• [EXERCISE REQUIREMENTS] If a line in the material below has the word "Prophetic", copy it.

• [DATA]
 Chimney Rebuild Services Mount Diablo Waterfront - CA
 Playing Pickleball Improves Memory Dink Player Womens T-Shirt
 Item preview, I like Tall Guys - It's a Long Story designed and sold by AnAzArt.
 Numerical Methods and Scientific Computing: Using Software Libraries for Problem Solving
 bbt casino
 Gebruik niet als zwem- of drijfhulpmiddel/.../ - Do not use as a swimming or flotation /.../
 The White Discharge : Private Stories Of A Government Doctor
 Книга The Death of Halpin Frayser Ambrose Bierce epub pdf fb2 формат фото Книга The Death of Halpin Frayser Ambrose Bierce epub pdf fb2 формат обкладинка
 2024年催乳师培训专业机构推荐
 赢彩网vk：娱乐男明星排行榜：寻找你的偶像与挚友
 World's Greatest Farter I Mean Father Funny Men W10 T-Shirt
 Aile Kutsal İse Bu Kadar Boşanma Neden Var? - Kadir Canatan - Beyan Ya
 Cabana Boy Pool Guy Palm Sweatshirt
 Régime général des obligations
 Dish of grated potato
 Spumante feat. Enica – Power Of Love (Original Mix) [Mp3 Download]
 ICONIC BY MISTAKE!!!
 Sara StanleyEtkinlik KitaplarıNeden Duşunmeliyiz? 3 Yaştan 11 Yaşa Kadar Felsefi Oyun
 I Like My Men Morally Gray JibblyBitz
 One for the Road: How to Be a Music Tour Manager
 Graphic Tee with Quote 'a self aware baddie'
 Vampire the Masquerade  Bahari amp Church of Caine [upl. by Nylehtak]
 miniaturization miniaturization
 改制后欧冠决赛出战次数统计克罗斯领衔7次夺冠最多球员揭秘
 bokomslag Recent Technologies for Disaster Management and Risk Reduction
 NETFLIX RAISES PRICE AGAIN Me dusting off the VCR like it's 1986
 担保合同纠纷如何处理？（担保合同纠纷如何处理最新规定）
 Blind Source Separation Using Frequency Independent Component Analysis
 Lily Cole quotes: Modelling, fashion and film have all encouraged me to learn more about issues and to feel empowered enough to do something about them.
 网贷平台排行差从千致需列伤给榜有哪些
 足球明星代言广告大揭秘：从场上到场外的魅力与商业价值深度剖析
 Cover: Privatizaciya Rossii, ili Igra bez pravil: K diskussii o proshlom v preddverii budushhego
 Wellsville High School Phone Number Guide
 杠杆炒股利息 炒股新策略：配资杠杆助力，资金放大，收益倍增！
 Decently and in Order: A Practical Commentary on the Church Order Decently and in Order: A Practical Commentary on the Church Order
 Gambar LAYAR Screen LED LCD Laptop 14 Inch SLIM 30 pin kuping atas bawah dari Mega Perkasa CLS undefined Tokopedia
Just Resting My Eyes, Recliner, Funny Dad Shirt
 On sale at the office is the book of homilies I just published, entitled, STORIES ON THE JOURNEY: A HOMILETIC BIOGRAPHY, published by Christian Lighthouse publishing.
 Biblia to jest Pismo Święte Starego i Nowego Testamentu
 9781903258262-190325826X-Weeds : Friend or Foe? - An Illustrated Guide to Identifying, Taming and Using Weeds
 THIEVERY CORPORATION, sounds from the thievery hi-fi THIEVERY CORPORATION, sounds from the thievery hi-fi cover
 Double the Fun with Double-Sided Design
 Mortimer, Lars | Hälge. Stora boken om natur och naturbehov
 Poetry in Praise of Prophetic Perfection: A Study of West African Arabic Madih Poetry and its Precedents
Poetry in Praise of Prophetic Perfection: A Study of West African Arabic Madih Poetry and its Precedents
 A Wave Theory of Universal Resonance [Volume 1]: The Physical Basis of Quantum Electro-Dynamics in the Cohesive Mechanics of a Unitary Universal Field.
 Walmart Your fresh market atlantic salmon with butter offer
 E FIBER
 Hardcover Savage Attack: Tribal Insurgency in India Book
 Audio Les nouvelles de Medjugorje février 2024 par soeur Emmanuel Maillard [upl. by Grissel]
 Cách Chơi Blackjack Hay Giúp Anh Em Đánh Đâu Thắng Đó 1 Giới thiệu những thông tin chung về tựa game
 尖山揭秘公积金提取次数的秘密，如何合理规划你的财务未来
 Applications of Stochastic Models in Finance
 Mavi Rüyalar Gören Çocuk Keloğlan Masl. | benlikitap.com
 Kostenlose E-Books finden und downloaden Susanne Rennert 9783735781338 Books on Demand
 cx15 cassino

• [REPLY TO THE EXERCISE]
 Poetry in Praise of Prophetic Perfection: A Study of West African Arabic Madih Poetry and its Precedents
Poetry in Praise of Prophetic Perfection: A Study of West African Arabic Madih Poetry and its Precedents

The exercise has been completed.